## Activity:
Exactly the lines from the one containing "patates ve yaprak salata" through the end of the data, and nothing more, should be retyped; pictures stay out.

## Data for this exercise:
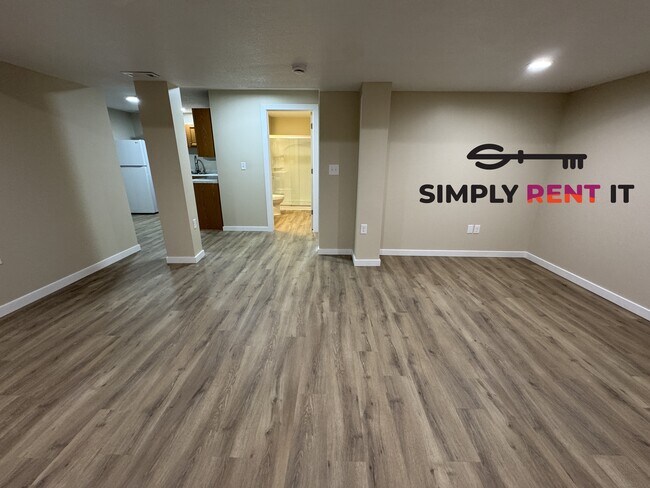 Foto del edificio - All Utilities Included, 1 Bed, New Renovation, Lower Level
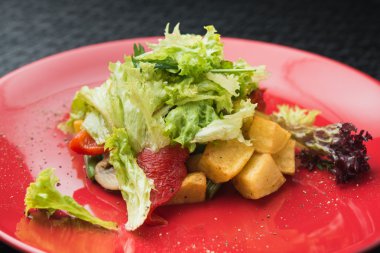 patates ve yaprak salata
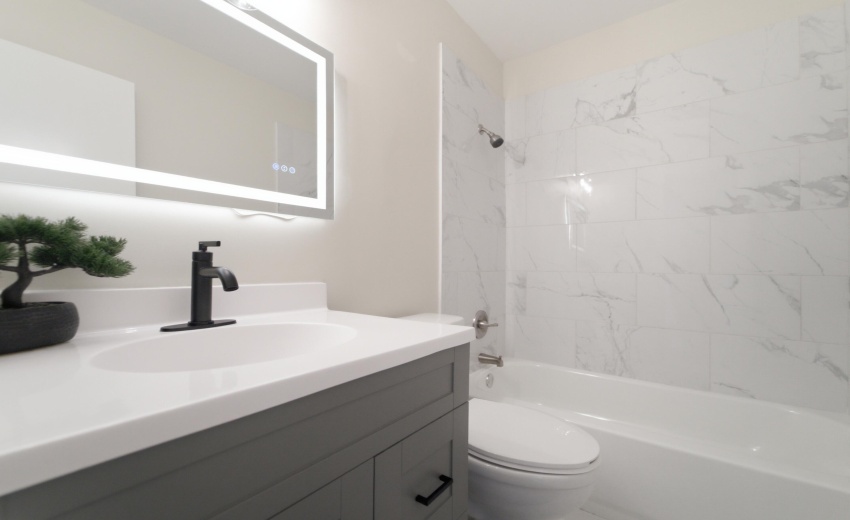 Upper Level Full Bathroom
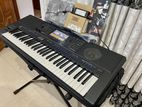 YAMAHA PSR SX 900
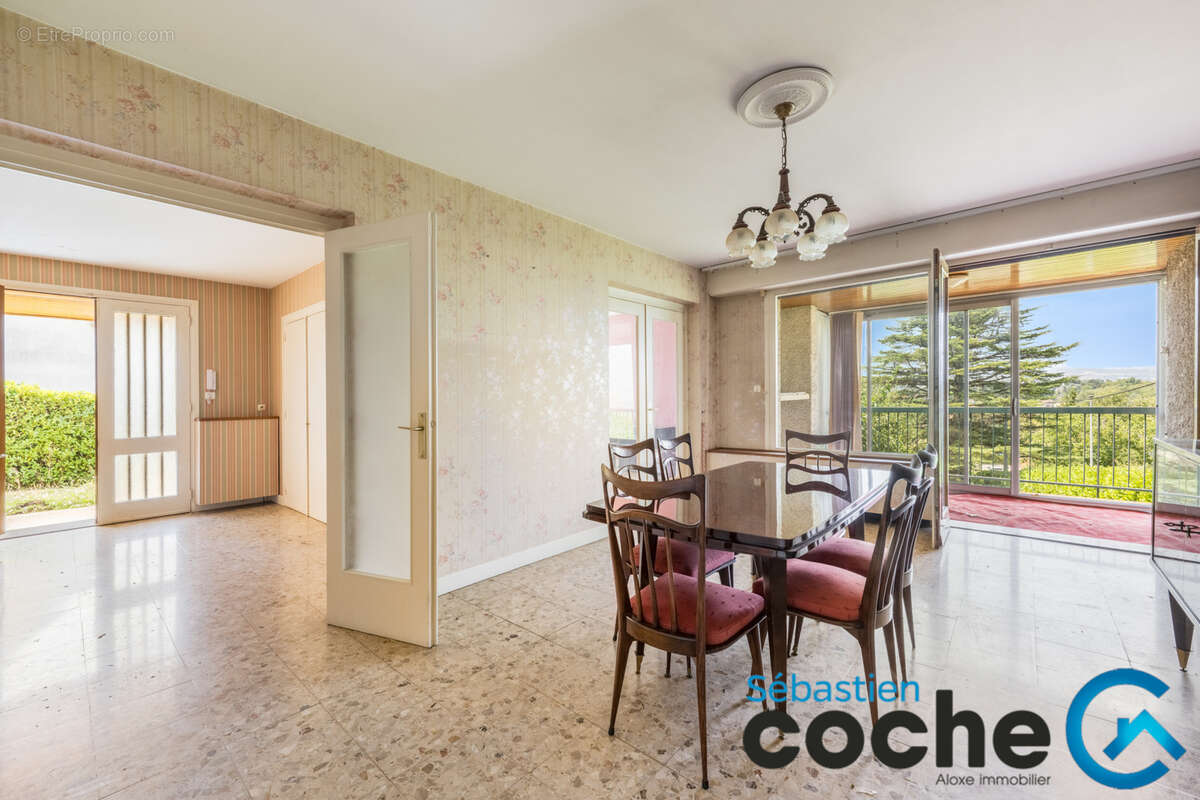 Charly   Maison d'architecte, vue exceptionnelle, potentiel rare - photo 3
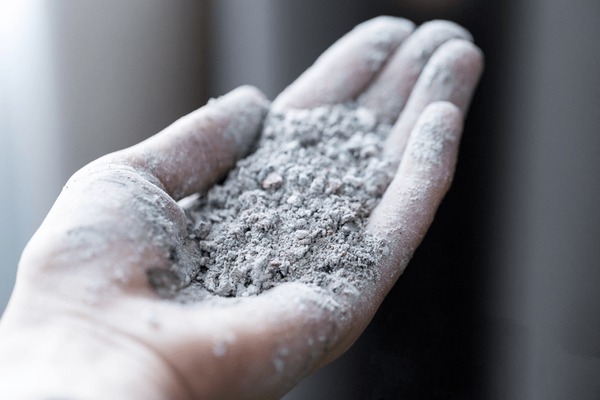 Crystalline Silica in Dust Form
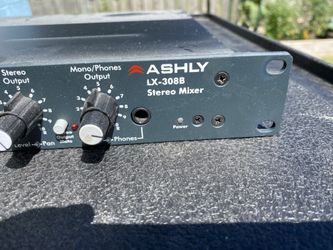 8 Channel Stereo Mixer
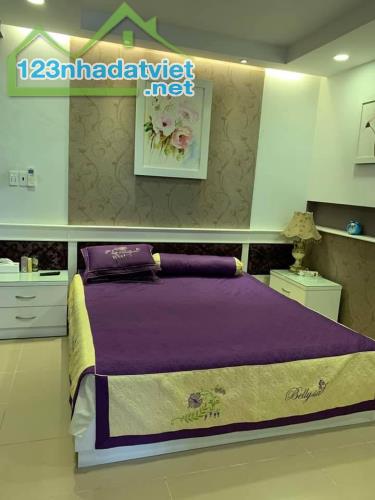 Bán nhà hẻm xe hơi ngay Cách mạng tháng 8 Quận 10 chỉ 3.65 tỉ - 2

## Task response:
 patates ve yaprak salata
 Upper Level Full Bathroom
 YAMAHA PSR SX 900
 Charly   Maison d'architecte, vue exceptionnelle, potentiel rare - photo 3
 Crystalline Silica in Dust Form
 8 Channel Stereo Mixer
 Bán nhà hẻm xe hơi ngay Cách mạng tháng 8 Quận 10 chỉ 3.65 tỉ - 2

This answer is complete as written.